EXTRACTED MATERIAL:
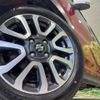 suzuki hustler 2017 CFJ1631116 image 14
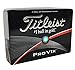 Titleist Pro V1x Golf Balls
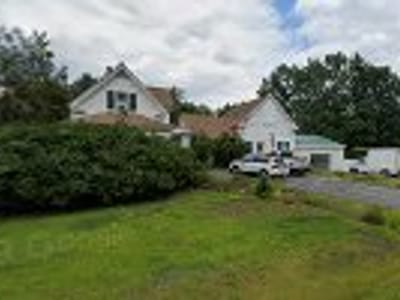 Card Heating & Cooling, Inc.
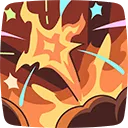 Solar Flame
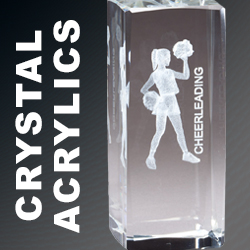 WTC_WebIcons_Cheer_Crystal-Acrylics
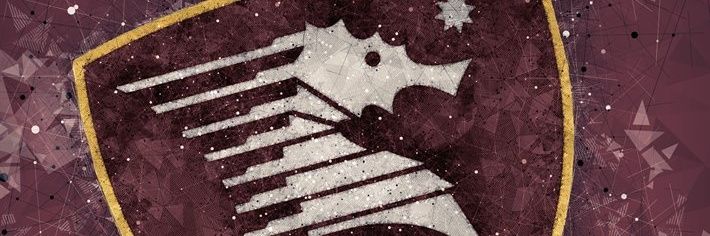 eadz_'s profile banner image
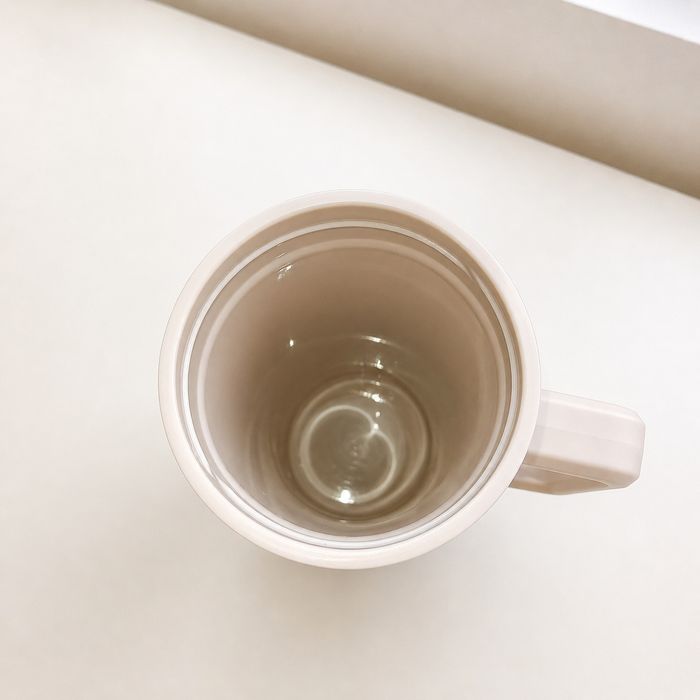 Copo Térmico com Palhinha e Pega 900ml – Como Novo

TASK DESCRIPTION: Every last line above must be reproduced as written, and no pictures belong in the copy.

EXERCISE ANSWER:
 suzuki hustler 2017 CFJ1631116 image 14
 Titleist Pro V1x Golf Balls
 Card Heating & Cooling, Inc.
 Solar Flame
 WTC_WebIcons_Cheer_Crystal-Acrylics
 eadz_'s profile banner image
 Copo Térmico com Palhinha e Pega 900ml – Como Novo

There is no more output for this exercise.